Descendants, as well as ancestors, find themselves in this same predicament. With obsolescence comes obscurity. An anonymous Scottish Lowlander's account of 1678 is telling. A large force of Highland soldiers, he relates, have equipment ‘of the most odde and anticque forme’. He definitely recognizes the names found in the national arming acts of the fourteenth and fifteenth centuries, but is uncertain of their meaning.
And truely I doubt not but a man, curious in our antiquities, might in this host finde explications of the strange pieces of armour mentioned in our old lawes, such as bosnet, iron hat, gorget, pesane, wambrassers and reerbrassers, panns, legsplents, and the like, above what any occasion in the lowlands would have afforded for several hundereds of yeers.

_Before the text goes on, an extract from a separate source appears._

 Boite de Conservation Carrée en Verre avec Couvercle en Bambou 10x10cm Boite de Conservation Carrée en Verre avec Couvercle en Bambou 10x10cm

As a young novice setting out on a journey to understand the bewildering world of medieval arms and armour, I wrestled with a great deal of vocabulary. On approaching my generous and kind masters with a difficult or obscure term, this apprentice was often met with a ‘Don't know’, ‘Absolutely no idea’, and – most frequently – ‘Why don't you find out for yourself!’ A gauntlet thrown down in this manner had to be taken up.

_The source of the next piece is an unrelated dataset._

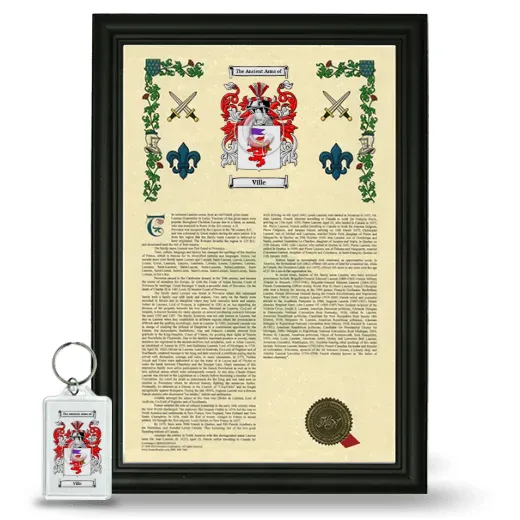 Ville Framed Armorial History and Keychain - Black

Nomenclature and esoteric specialized vocabulary is a constant hindrance to the understanding of arms and armour. There is not space in this volume for a detailed analysis of etymological origins and development, including such phenomena as loanwords, nicknames, puns, homophones, and zoomorphisms. It is clearly a period of rapidly evolving terminology – there are fossil words from Classical Latin (galea, lorica, cirotheca), new vernaculars in French and English, and a peppering of words from further afield, for instance aketon, jazerant, and sparth.